■ **Entries shown**:
--*--

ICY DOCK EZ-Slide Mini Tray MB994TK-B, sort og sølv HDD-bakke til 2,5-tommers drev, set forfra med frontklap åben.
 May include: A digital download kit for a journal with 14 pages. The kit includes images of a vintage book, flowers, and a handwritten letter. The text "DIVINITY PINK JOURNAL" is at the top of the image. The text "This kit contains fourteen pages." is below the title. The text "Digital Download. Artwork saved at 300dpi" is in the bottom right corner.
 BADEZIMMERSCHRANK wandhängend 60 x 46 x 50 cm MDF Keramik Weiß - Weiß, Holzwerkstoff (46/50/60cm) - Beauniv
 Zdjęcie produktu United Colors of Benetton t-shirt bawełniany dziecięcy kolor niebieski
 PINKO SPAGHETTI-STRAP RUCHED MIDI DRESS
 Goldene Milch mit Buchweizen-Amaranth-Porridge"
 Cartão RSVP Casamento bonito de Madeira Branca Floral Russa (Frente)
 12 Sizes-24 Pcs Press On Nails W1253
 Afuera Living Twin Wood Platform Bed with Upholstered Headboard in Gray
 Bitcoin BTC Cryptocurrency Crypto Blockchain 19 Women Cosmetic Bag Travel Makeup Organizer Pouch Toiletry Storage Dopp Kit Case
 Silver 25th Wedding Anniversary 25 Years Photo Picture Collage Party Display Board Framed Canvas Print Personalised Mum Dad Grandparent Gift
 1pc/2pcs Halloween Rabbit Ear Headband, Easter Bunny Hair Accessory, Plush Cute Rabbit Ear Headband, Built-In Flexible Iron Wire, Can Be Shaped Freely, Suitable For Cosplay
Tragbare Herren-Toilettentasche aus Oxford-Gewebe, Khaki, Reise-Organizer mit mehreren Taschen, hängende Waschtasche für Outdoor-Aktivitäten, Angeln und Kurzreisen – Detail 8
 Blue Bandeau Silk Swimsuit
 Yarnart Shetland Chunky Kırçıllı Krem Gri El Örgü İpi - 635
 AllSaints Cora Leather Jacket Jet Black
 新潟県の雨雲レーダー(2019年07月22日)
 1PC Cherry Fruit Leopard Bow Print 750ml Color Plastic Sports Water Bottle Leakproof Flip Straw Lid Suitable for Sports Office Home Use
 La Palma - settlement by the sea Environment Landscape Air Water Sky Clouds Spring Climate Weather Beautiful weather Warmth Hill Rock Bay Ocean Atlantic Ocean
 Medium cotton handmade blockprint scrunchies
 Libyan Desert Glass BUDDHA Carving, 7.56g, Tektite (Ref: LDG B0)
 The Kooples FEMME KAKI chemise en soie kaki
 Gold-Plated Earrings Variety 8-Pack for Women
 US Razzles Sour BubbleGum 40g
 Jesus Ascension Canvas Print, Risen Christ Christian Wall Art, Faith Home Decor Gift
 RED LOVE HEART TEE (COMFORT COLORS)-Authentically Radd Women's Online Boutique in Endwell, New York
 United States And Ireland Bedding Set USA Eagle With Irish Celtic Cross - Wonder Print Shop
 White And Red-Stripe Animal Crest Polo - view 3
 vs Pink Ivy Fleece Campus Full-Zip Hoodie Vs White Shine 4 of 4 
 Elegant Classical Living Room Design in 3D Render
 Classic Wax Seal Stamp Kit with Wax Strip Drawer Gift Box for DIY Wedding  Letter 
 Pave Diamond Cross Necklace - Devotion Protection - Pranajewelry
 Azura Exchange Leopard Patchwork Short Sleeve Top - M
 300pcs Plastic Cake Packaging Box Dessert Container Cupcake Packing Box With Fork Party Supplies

--*--

■ **About this exercise**:
Using the material above, copy every line in which the string "Leopard" occurs.

■ **Exercise result**:
 1PC Cherry Fruit Leopard Bow Print 750ml Color Plastic Sports Water Bottle Leakproof Flip Straw Lid Suitable for Sports Office Home Use
 Azura Exchange Leopard Patchwork Short Sleeve Top - M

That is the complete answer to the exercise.